= STORED DATA =
---*---
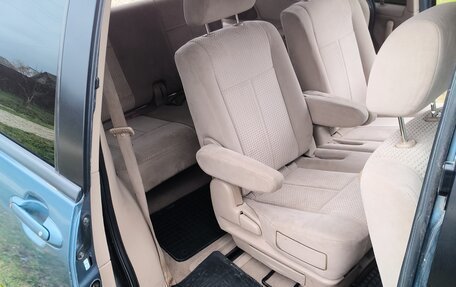 Mazda MPV II, 2004 год, 600 000 рублей, 4 фотография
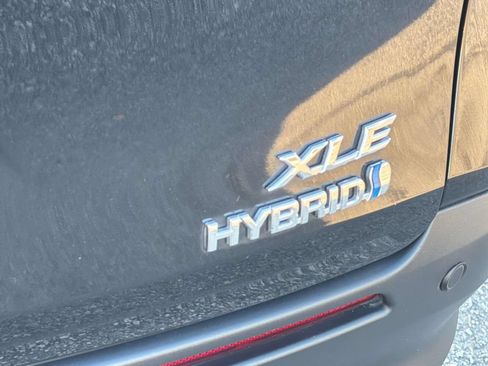 Used 2024 Toyota Sienna XLE w/ XLE Plus Package FWD image 6
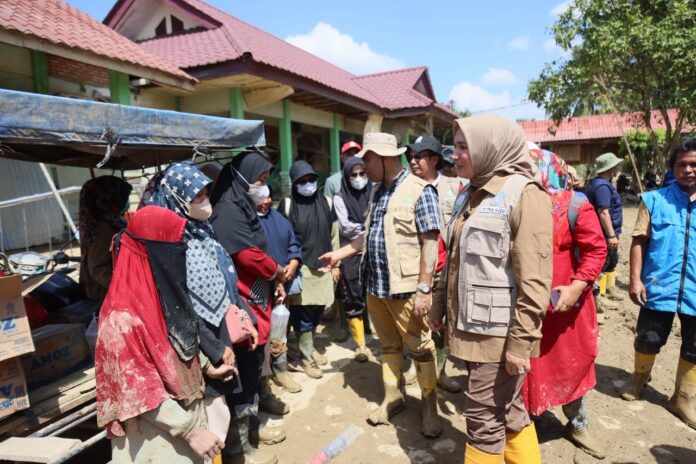 Ketua TP PKK Aceh Marlina Muzakir selaku Bunda Guru Aceh, didampingi Plt Kepala Dinas Pendidikan Aceh Murthalamuddin, menyemangati para guru, siswa dan wali siswa SLB Negeri Pembina Aceh Tamiang, yang terjun langsung membersihkan material lumpur di sekolah yang berada di Desa Landuh Kecamatan Rantau, Minggu (11/1/2025).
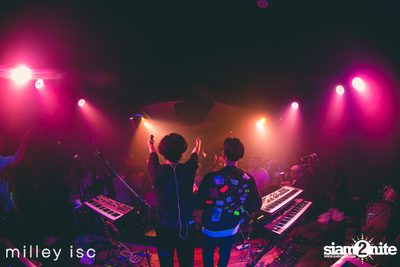 ภาพบรรยากาศคอนเสิร์ต HYBS ที่ร้าน Milley club — photo 70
---*---
= TASK TO COMPLETE =
Would you retype every line shown above exactly, leaving the pictures aside?

= EXERCISE OUTPUT =
 Mazda MPV II, 2004 год, 600 000 рублей, 4 фотография
 Used 2024 Toyota Sienna XLE w/ XLE Plus Package FWD image 6
 Ketua TP PKK Aceh Marlina Muzakir selaku Bunda Guru Aceh, didampingi Plt Kepala Dinas Pendidikan Aceh Murthalamuddin, menyemangati para guru, siswa dan wali siswa SLB Negeri Pembina Aceh Tamiang, yang terjun langsung membersihkan material lumpur di sekolah yang berada di Desa Landuh Kecamatan Rantau, Minggu (11/1/2025).
 ภาพบรรยากาศคอนเสิร์ต HYBS ที่ร้าน Milley club — photo 70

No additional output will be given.